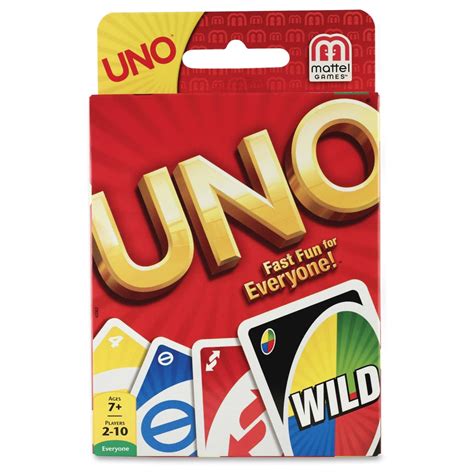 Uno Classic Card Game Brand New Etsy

-*-*-

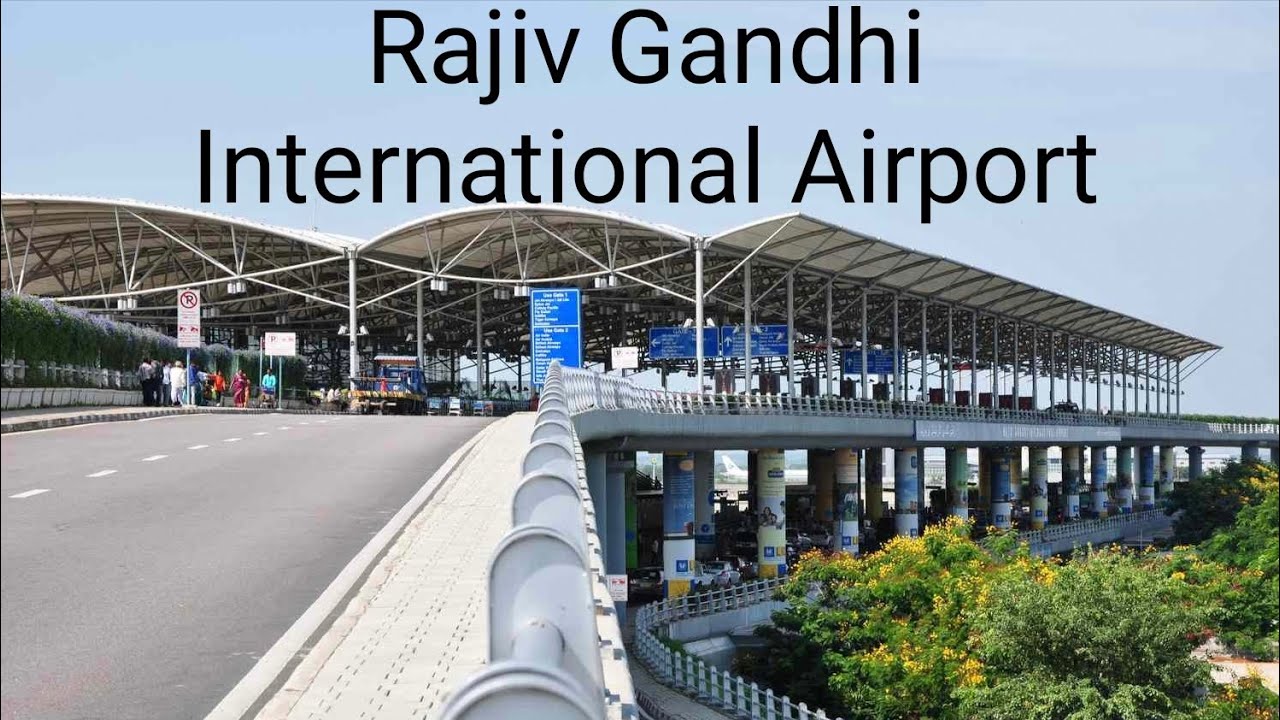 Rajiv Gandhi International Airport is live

-*-*-

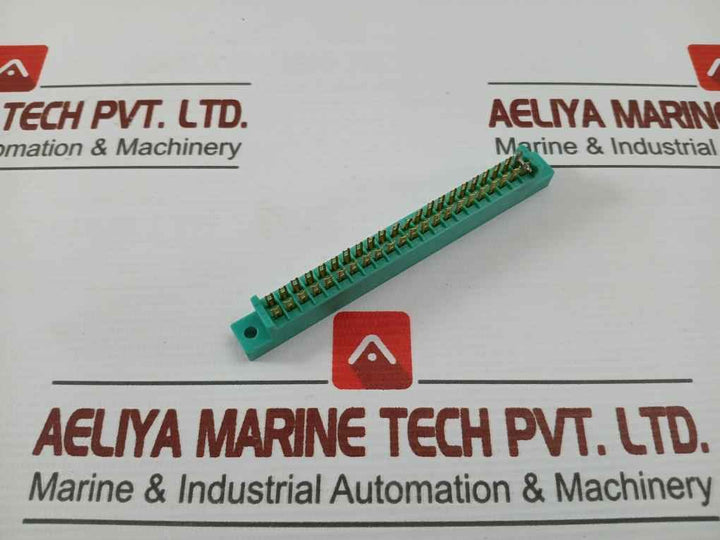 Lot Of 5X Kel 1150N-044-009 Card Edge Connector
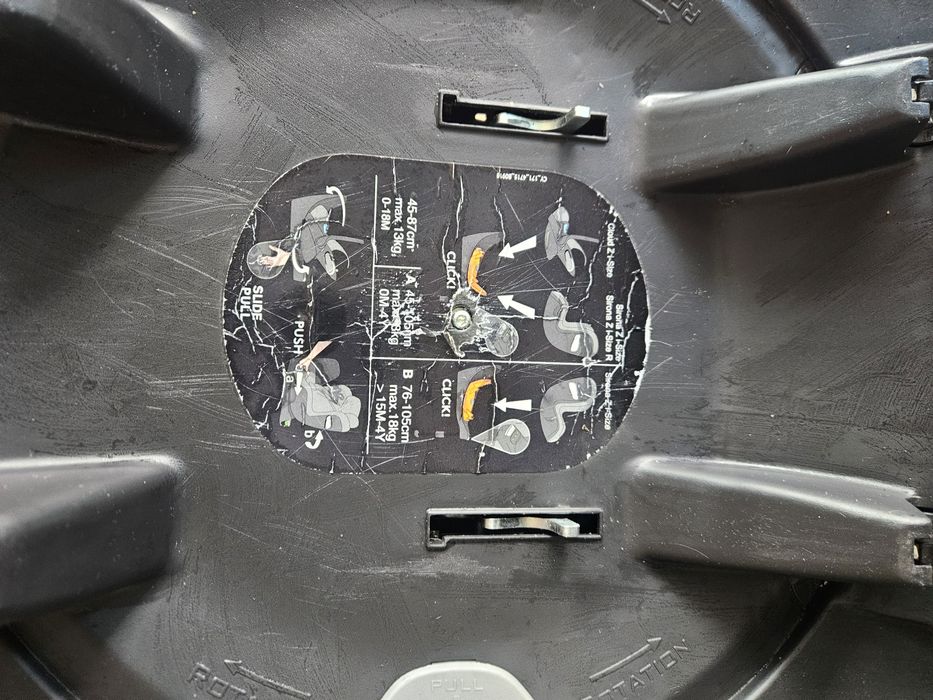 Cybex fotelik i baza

-*-*-

Task brief:
Among the entries above, copy exactly the stretch from the line holding "Lot Of 5X Kel" through the line holding "Cybex fotelik i baza", leaving out any pictures.

Written reply:
 Lot Of 5X Kel 1150N-044-009 Card Edge Connector
 Cybex fotelik i baza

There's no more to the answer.